Task material.
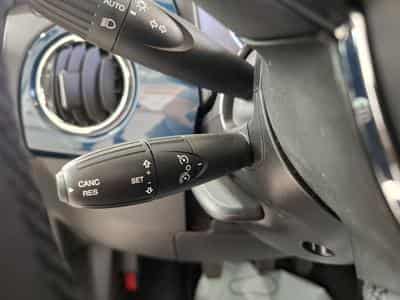 Fiat 500 CABRIO, 1.0 Hybrid 70, 1 HAND, NAVI, ALU 16'',REGUL , PDC, C (2023) - Foto 10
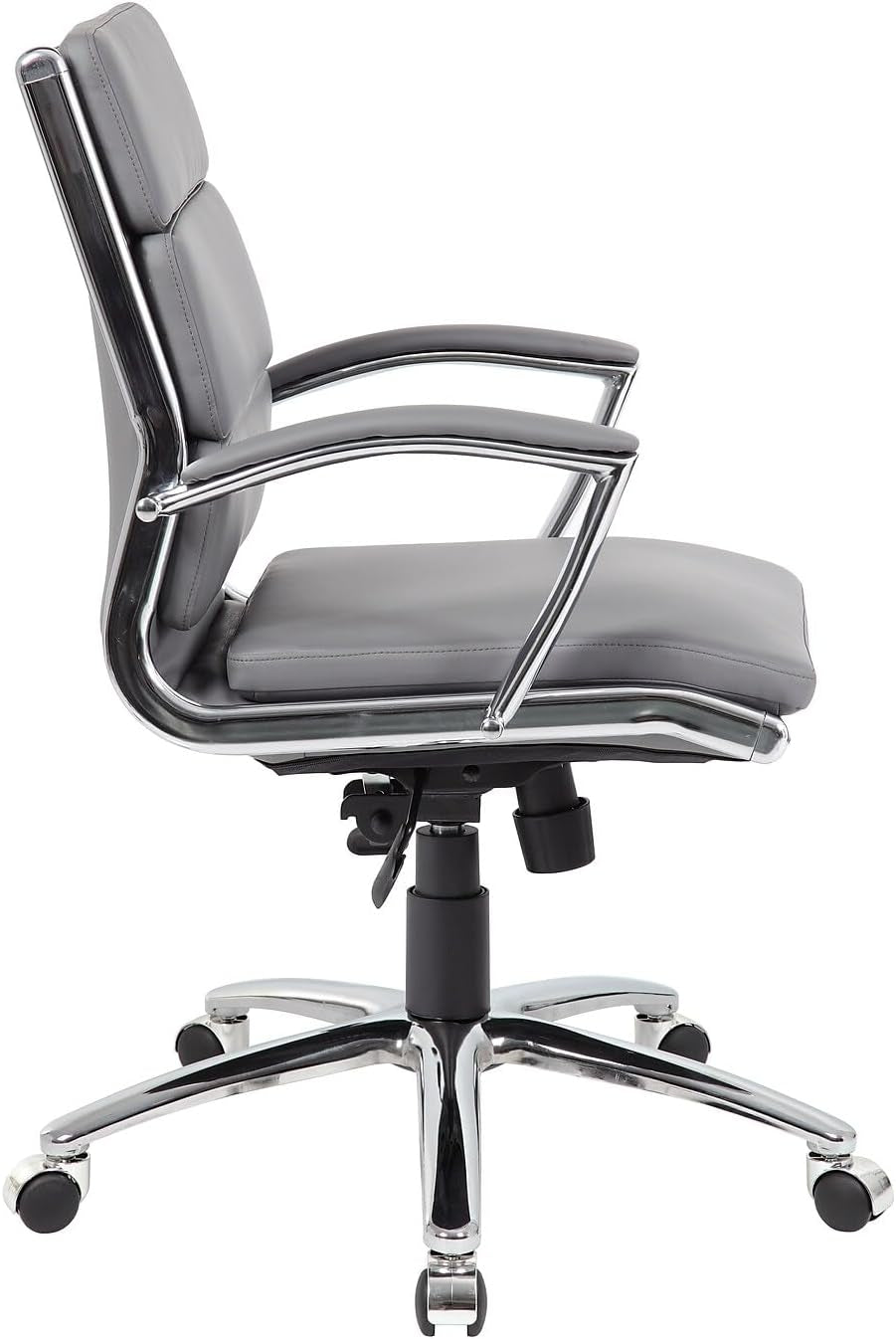 (BOSXK Office Chair, Grey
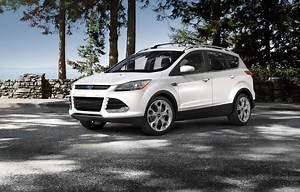 Is Buying a Used 2016 Ford Escape a Good Idea?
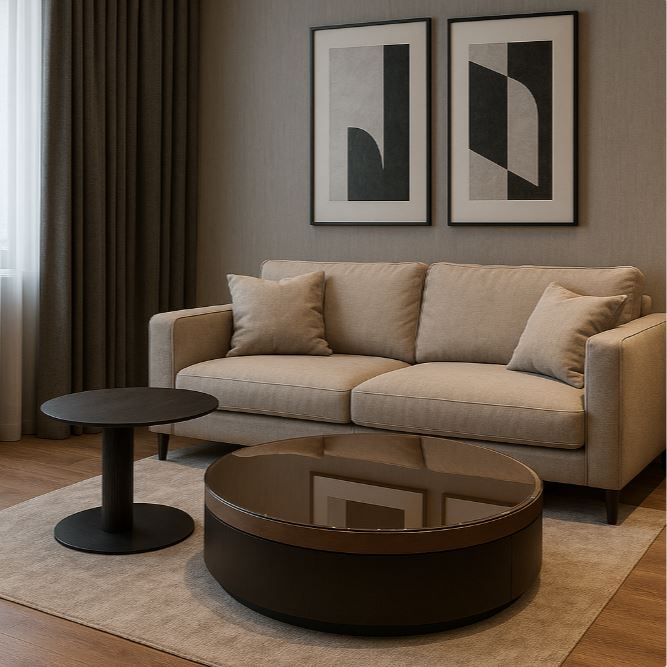Amalopi Coffee Table,Set of 2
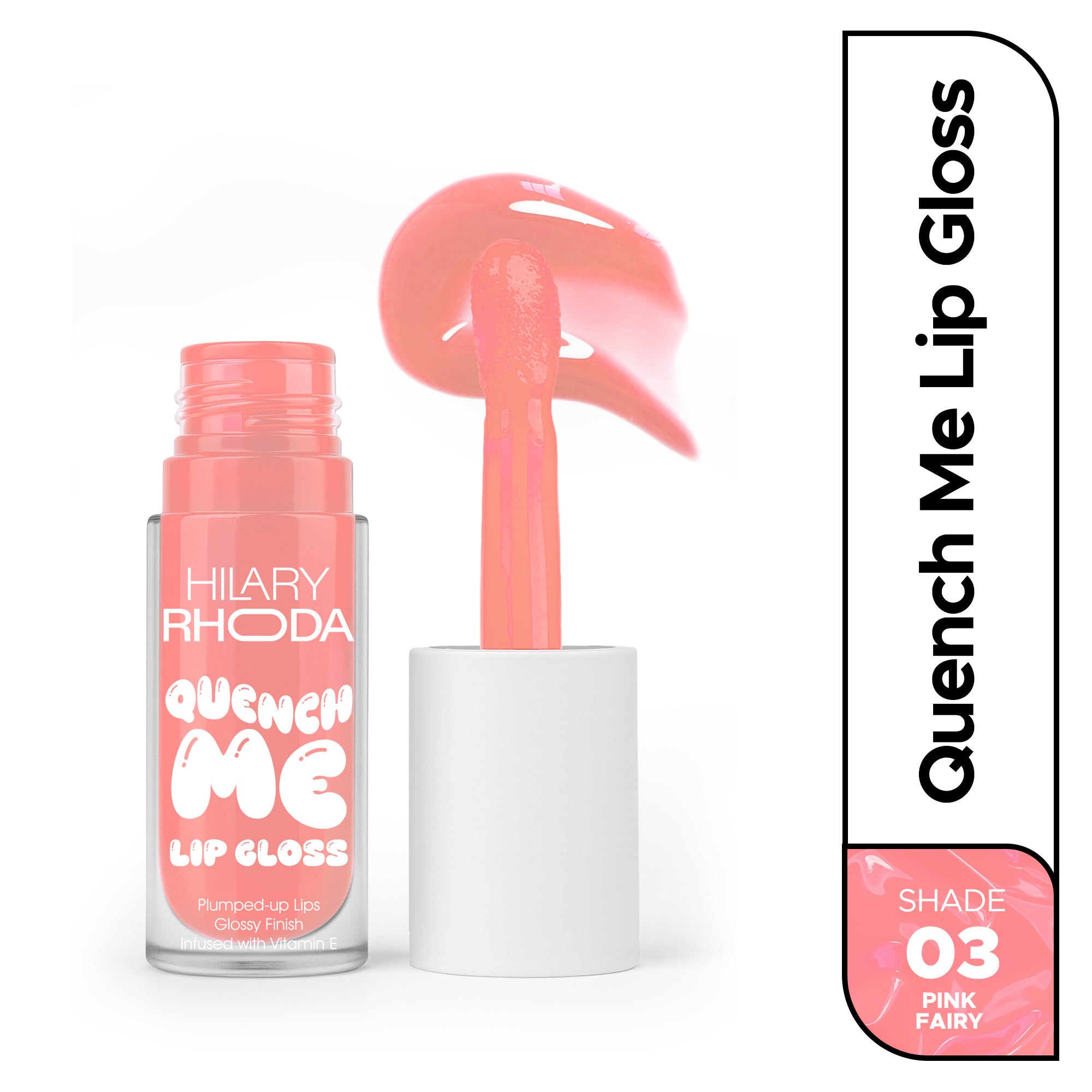 Quench Me Lip Gloss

Exercise details. Whenever a line holds a picture, print that line without the picture. All other data must be output exactly.

Answer to this exercise.
 Fiat 500 CABRIO, 1.0 Hybrid 70, 1 HAND, NAVI, ALU 16'',REGUL , PDC, C (2023) - Foto 10
 (BOSXK Office Chair, Grey
 Is Buying a Used 2016 Ford Escape a Good Idea?
Amalopi Coffee Table,Set of 2
 Quench Me Lip Gloss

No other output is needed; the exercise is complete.